■ Provided data ■
==*==
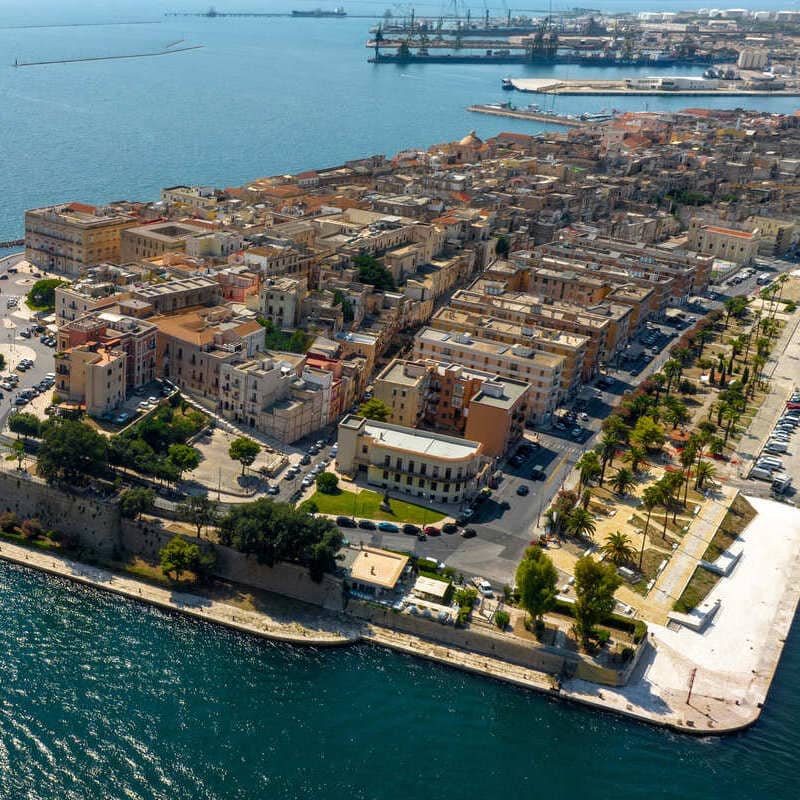 Aerial view of the old town of Taranto, Italy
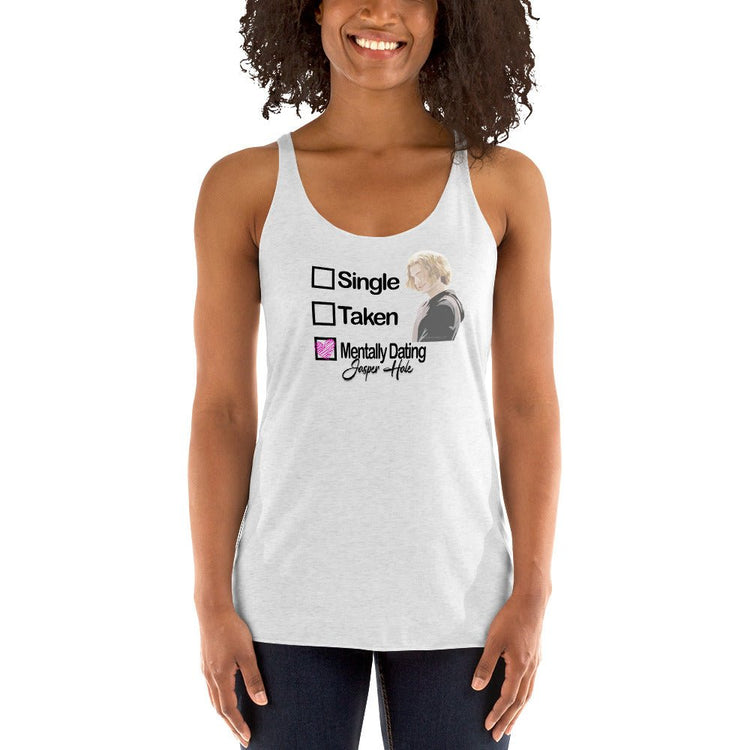 Twilight Inspired Women's Racerback Tank - Mentally Dating Jasper Hale - Fandom-Made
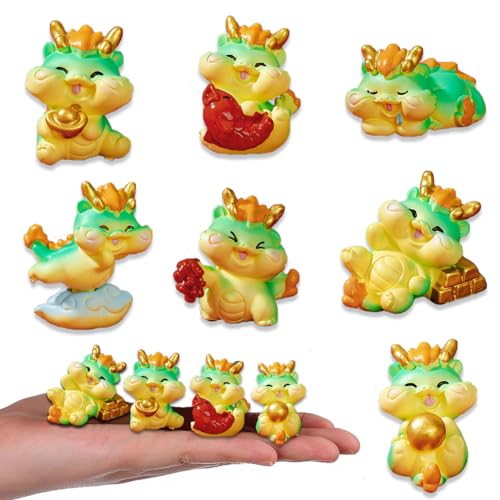 JAHEMU Mini Dragon Figuren Drachen Kuchen Deko Geschenke für Jungen Mädchen Kindergeburtstag 7 Stück von JAHEMU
==*==
Would you copy out the data exactly, leaving every picture out?

■ Result ■
 Aerial view of the old town of Taranto, Italy
 Twilight Inspired Women's Racerback Tank - Mentally Dating Jasper Hale - Fandom-Made
 JAHEMU Mini Dragon Figuren Drachen Kuchen Deko Geschenke für Jungen Mädchen Kindergeburtstag 7 Stück von JAHEMU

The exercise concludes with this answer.